The Golf Association of Michigan (GAM) is celebrating its Centennial Anniversary this year after being founded in metro Detroit in 1919. These short pieces are just a glimpse of the middle years, from 1960 through the 1980s (content provided by Greg Johnson):
1960-1969: Oakland Hills Country Club is Michigan’s Most Famous
By 1960 Oakland Hills Country Club in Bloomfield Hills, a charter member of the Golf Association of Michigan, had become Michigan’s most famous club for having hosted multiple major championships, including three of its six U.S. Open Championships, and having top international players as head golf professionals, most notably Walter Hagen and Al Watrous.
The club reached its 50th birthday in 1966. The North Course, like the South, is a Donald Ross original design. It opened for play in May of 1924, three weeks before the South Course hosted the club’s first U.S. Open.
On the heels of the Great Depression in 1933 the club opted to operate the North Course as a daily fee public course under the name North Hills Golf Course. It operated that way until the membership voted in 1967 to open it after renovation as the club’s second private course. That work was completed in 1969.
1970-1979: Pete Green, GAM’s Chairman of the Scoreboard
Franklin’s Pete Green is one of Michigan’s most accomplished golfers, and the father of Suzy Green-Roebuck, another of Michigan Golf Hall of Famer. They are the only father-daughter duo in the Hall.
“I’m proud of my golf, but proud that I played golf with my father, and played with my kids and now grandkids, and really proud of all of them, what they do and who they are,” Green said.
He gets most animated when he talks about having won the GAM Father-Son Championship with his father Edward, then winning it twice with his son Michael, and watching Suzy as she made her way through the amateur ranks, the LPGA Tour and into the Michigan Hall of Fame with him.
Pete, who first shot his age at 66 and still maintains a single-digit handicap, was among the state’s best players over four decades, as evidenced by his four Michigan Amateur Championships being claimed in 1969, ’79, ’86 and ’95 (at age 55).

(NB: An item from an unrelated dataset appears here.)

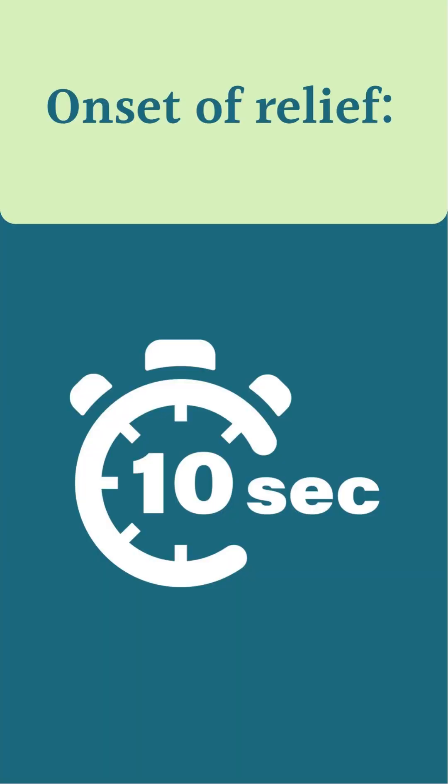If you didn't catch it, the student who was recording was also keeping time of how long it took the student volunteer to find relief. It was almost exactly 10 seconds from the second injection until they started to say, 'Oh, this actually feels kind of good.'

He first qualified for the Michigan Amateur at age 15, in 1955. Nine times he was named GAM Player of the Year, and also took his game to the national stage. He qualified for and played in 15 U.S. Amateur Championships and three U.S. Open Championships and won the 1967 Middle Atlantic Amateur Championship.
1980-1989: Michigan Native Jeff Rivard Guides Changing Association
Jeff Rivard came to the GAM as its third executive director in 1984, served through 1992 and was on the scene for the most significant change in the association’s history.
In 1985 the GAM changed its bylaws to include public golf facilities in the GAM family and services. Previously, and for 66 years, it has been an organization of private golf clubs only.
Another significant change during Rivard’s Michigan tenure involved the Michigan Amateur Championship. Rivard thought it needed site changes and a format change to maximize it as the flagship tournament. In terms of format for the Michigan Amateur, Rivard lobbied for a change to the qualifying. Fast forward to 2012, a record 1,034 golfers entered the Michigan Amateur. It was hosted that year by Oakland Hills on the North Course and won by Drew Preston.